How come you can't go to groups Tink, does dd1 not go to Nursery everyday? Can you not go swimming or toddlers or something whilst she's there?

STT it's always easier to see the problems from outside
We AP as well and sometimes I do think my MIL might be annoyingly right when she's states the good ol' rod-for-back gem
We only just got Ds2 to sleep through the night at 2yo then had the baby. and I'm STILL trying to wean the little so and so off his milk!
I'm just grumpy, ignore me

Oh and whilst I'm on the subject of ignoring, I'm not ignoring anyone, I'm just shit at keeping up!
By the time I get to the top of the page I've forgotten what I've read, so if it isn't in the posts which fill the screen when I open the thread then generally I don't read it
I could apologise, but we all know it's not going to make me any better hehe x

I've sorted the kids and cleaned downstairs minus the floors. Think that's good going really.

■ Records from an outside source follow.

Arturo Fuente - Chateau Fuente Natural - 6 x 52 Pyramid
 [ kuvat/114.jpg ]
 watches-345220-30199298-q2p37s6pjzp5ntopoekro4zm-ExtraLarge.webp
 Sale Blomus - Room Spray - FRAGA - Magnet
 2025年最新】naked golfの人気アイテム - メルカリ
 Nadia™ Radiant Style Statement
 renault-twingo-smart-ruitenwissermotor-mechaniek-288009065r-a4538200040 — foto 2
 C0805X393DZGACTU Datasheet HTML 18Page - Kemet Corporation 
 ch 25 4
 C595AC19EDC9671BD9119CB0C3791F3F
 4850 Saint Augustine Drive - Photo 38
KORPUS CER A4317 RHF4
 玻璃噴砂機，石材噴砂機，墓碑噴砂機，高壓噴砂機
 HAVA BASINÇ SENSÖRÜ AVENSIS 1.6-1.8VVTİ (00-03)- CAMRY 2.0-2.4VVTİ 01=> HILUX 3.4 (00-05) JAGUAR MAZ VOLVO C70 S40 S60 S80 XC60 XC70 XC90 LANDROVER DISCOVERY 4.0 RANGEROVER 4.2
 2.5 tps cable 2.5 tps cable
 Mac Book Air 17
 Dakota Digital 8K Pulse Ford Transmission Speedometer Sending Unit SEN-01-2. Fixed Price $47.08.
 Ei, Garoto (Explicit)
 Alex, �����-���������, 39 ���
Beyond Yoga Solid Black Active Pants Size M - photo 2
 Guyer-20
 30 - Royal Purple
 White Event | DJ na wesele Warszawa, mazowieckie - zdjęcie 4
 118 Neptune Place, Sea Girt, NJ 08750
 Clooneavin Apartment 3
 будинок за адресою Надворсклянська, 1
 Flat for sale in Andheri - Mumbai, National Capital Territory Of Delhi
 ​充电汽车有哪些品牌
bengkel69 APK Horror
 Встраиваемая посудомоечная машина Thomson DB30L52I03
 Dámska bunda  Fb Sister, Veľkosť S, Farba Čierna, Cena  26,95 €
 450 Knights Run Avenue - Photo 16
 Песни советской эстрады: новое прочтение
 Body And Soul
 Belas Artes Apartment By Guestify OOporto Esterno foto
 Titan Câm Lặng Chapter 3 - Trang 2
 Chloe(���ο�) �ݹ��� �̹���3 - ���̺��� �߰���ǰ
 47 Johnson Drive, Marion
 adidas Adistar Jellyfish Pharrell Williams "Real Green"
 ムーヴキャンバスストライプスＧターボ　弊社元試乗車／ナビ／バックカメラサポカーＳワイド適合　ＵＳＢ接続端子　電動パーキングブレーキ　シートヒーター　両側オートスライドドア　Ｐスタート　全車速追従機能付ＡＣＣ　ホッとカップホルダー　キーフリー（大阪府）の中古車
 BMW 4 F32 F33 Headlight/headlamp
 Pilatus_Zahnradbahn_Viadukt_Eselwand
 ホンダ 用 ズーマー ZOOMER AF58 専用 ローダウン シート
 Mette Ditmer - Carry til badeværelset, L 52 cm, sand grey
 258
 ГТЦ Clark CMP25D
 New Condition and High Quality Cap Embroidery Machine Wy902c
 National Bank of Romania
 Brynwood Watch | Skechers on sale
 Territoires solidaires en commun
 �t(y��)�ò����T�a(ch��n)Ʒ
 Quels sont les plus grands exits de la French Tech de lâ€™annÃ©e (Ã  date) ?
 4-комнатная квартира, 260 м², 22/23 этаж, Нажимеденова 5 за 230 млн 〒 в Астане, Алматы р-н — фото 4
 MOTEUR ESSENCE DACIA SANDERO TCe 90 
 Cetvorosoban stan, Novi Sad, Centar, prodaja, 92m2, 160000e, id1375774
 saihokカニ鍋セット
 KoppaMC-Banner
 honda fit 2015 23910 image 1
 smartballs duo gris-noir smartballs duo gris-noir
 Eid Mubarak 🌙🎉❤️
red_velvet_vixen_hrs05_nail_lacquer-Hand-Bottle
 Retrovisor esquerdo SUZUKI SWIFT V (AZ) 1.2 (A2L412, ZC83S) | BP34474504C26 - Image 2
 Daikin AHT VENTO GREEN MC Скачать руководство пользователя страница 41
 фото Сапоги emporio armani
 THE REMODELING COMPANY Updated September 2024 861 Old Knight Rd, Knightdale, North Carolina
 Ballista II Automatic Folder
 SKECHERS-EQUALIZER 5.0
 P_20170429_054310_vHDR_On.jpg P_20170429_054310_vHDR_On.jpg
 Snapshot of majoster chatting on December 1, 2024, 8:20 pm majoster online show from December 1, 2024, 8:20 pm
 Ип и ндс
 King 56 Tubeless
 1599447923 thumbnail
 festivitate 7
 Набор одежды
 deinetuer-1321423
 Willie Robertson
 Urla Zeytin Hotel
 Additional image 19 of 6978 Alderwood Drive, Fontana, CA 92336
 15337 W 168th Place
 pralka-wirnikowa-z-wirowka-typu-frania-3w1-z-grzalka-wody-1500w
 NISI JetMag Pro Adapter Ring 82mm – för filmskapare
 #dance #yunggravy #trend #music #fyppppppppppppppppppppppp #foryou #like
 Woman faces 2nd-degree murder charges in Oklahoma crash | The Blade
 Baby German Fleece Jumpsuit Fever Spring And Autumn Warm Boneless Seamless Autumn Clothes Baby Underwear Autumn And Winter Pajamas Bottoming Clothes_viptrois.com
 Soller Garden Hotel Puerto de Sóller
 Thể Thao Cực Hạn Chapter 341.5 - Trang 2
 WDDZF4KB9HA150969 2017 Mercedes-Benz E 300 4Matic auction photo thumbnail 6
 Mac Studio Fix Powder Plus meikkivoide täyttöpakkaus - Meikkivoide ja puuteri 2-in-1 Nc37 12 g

Ooh I've remembered something.
Glask Yack for spider, I'm not a fan of them myself. Yay for bundle, how fabulous! Sounds like someone got a bargain

lastboxoftampons · 10/06/2009 11:18

Hello all:

STT - poor you It does sound like your DH is a good egg, just slightly misguided at the moment. If it's anything like DH and I, we have cyclical struggles and then everything is fine for a while. Mine cooks and tidies up really well - but somehow forgot how to do laundry or change the sheets on the bed EVER! I KNOW he can do it, I've SEEN him when we were dating...Actually I don't mind, as I don't want him washing my clothes really anyway. Perhaps you can praise all that he does but explain to him how difficult it is with DS and being PG and that you can really use some help with XYZ - I find that if I ask for help with specific chores/tasks, it's more effective than a general whinge, after which he takes offense. Good luck!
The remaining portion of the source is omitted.